◆ Source data
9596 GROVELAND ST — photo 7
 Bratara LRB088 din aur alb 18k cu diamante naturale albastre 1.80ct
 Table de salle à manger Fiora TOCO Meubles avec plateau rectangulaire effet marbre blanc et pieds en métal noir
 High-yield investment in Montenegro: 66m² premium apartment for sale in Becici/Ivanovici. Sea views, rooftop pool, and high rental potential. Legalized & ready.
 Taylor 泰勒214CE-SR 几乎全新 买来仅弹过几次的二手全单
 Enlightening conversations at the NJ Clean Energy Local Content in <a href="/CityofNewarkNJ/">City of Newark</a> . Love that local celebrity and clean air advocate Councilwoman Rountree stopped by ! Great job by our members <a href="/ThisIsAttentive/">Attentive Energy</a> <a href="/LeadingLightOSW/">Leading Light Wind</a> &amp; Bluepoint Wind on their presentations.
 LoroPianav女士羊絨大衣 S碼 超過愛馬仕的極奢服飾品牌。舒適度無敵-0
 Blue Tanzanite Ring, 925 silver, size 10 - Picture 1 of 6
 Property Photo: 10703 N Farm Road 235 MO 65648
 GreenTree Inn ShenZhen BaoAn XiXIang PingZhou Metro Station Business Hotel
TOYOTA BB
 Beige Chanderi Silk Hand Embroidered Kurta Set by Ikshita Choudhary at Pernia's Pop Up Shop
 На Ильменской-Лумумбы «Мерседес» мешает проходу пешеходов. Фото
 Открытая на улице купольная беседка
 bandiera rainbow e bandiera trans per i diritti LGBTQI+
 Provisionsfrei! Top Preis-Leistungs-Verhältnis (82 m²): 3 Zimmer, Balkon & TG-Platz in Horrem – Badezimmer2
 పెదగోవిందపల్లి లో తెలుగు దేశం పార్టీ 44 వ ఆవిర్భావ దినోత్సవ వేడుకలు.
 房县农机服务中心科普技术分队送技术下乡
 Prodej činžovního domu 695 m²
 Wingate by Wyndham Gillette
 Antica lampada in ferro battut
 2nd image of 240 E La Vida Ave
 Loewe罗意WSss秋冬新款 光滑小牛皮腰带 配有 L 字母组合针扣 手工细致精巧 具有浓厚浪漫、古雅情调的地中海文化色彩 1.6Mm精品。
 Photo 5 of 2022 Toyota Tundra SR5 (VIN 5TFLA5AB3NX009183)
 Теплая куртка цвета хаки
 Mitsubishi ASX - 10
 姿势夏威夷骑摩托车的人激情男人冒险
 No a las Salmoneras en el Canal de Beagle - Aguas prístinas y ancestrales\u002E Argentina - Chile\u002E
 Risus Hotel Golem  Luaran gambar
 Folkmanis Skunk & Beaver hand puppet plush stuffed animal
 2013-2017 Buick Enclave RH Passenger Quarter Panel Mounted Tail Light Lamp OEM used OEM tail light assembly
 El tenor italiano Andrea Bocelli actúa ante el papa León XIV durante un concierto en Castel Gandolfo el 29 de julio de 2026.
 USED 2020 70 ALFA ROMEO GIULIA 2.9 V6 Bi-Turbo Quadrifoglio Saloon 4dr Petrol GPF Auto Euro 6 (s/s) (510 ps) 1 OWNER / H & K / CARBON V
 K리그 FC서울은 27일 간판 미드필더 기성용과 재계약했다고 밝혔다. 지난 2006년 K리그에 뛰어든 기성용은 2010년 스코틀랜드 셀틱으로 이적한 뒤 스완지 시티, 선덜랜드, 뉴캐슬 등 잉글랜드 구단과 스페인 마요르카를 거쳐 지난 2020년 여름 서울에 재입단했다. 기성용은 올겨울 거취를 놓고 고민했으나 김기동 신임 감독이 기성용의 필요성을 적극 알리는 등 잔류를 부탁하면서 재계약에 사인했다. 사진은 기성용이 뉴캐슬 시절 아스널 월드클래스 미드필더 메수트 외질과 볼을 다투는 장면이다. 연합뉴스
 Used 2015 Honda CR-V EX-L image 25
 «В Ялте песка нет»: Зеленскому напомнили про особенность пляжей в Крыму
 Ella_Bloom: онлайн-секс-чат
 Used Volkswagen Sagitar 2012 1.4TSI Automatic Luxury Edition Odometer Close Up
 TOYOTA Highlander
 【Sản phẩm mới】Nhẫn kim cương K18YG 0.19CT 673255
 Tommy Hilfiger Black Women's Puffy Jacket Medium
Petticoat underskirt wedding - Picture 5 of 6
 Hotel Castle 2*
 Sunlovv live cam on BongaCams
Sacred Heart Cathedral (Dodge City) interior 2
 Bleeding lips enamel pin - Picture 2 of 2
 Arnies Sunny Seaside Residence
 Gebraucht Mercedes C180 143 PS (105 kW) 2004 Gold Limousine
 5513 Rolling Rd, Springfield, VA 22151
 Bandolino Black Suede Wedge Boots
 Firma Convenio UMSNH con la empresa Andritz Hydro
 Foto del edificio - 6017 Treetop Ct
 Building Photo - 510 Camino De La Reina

◆ Work instructions
Each entry above needs to be duplicated verbatim.

◆ Written answer
9596 GROVELAND ST — photo 7
 Bratara LRB088 din aur alb 18k cu diamante naturale albastre 1.80ct
 Table de salle à manger Fiora TOCO Meubles avec plateau rectangulaire effet marbre blanc et pieds en métal noir
 High-yield investment in Montenegro: 66m² premium apartment for sale in Becici/Ivanovici. Sea views, rooftop pool, and high rental potential. Legalized & ready.
 Taylor 泰勒214CE-SR 几乎全新 买来仅弹过几次的二手全单
 Enlightening conversations at the NJ Clean Energy Local Content in <a href="/CityofNewarkNJ/">City of Newark</a> . Love that local celebrity and clean air advocate Councilwoman Rountree stopped by ! Great job by our members <a href="/ThisIsAttentive/">Attentive Energy</a> <a href="/LeadingLightOSW/">Leading Light Wind</a> &amp; Bluepoint Wind on their presentations.
 LoroPianav女士羊絨大衣 S碼 超過愛馬仕的極奢服飾品牌。舒適度無敵-0
 Blue Tanzanite Ring, 925 silver, size 10 - Picture 1 of 6
 Property Photo: 10703 N Farm Road 235 MO 65648
 GreenTree Inn ShenZhen BaoAn XiXIang PingZhou Metro Station Business Hotel
TOYOTA BB
 Beige Chanderi Silk Hand Embroidered Kurta Set by Ikshita Choudhary at Pernia's Pop Up Shop
 На Ильменской-Лумумбы «Мерседес» мешает проходу пешеходов. Фото
 Открытая на улице купольная беседка
 bandiera rainbow e bandiera trans per i diritti LGBTQI+
 Provisionsfrei! Top Preis-Leistungs-Verhältnis (82 m²): 3 Zimmer, Balkon & TG-Platz in Horrem – Badezimmer2
 పెదగోవిందపల్లి లో తెలుగు దేశం పార్టీ 44 వ ఆవిర్భావ దినోత్సవ వేడుకలు.
 房县农机服务中心科普技术分队送技术下乡
 Prodej činžovního domu 695 m²
 Wingate by Wyndham Gillette
 Antica lampada in ferro battut
 2nd image of 240 E La Vida Ave
 Loewe罗意WSss秋冬新款 光滑小牛皮腰带 配有 L 字母组合针扣 手工细致精巧 具有浓厚浪漫、古雅情调的地中海文化色彩 1.6Mm精品。
 Photo 5 of 2022 Toyota Tundra SR5 (VIN 5TFLA5AB3NX009183)
 Теплая куртка цвета хаки
 Mitsubishi ASX - 10
 姿势夏威夷骑摩托车的人激情男人冒险
 No a las Salmoneras en el Canal de Beagle - Aguas prístinas y ancestrales\u002E Argentina - Chile\u002E
 Risus Hotel Golem  Luaran gambar
 Folkmanis Skunk & Beaver hand puppet plush stuffed animal
 2013-2017 Buick Enclave RH Passenger Quarter Panel Mounted Tail Light Lamp OEM used OEM tail light assembly
 El tenor italiano Andrea Bocelli actúa ante el papa León XIV durante un concierto en Castel Gandolfo el 29 de julio de 2026.
 USED 2020 70 ALFA ROMEO GIULIA 2.9 V6 Bi-Turbo Quadrifoglio Saloon 4dr Petrol GPF Auto Euro 6 (s/s) (510 ps) 1 OWNER / H & K / CARBON V
 K리그 FC서울은 27일 간판 미드필더 기성용과 재계약했다고 밝혔다. 지난 2006년 K리그에 뛰어든 기성용은 2010년 스코틀랜드 셀틱으로 이적한 뒤 스완지 시티, 선덜랜드, 뉴캐슬 등 잉글랜드 구단과 스페인 마요르카를 거쳐 지난 2020년 여름 서울에 재입단했다. 기성용은 올겨울 거취를 놓고 고민했으나 김기동 신임 감독이 기성용의 필요성을 적극 알리는 등 잔류를 부탁하면서 재계약에 사인했다. 사진은 기성용이 뉴캐슬 시절 아스널 월드클래스 미드필더 메수트 외질과 볼을 다투는 장면이다. 연합뉴스
 Used 2015 Honda CR-V EX-L image 25
 «В Ялте песка нет»: Зеленскому напомнили про особенность пляжей в Крыму
 Ella_Bloom: онлайн-секс-чат
 Used Volkswagen Sagitar 2012 1.4TSI Automatic Luxury Edition Odometer Close Up
 TOYOTA Highlander
 【Sản phẩm mới】Nhẫn kim cương K18YG 0.19CT 673255
 Tommy Hilfiger Black Women's Puffy Jacket Medium
Petticoat underskirt wedding - Picture 5 of 6
 Hotel Castle 2*
 Sunlovv live cam on BongaCams
Sacred Heart Cathedral (Dodge City) interior 2
 Bleeding lips enamel pin - Picture 2 of 2
 Arnies Sunny Seaside Residence
 Gebraucht Mercedes C180 143 PS (105 kW) 2004 Gold Limousine
 5513 Rolling Rd, Springfield, VA 22151
 Bandolino Black Suede Wedge Boots
 Firma Convenio UMSNH con la empresa Andritz Hydro
 Foto del edificio - 6017 Treetop Ct
 Building Photo - 510 Camino De La Reina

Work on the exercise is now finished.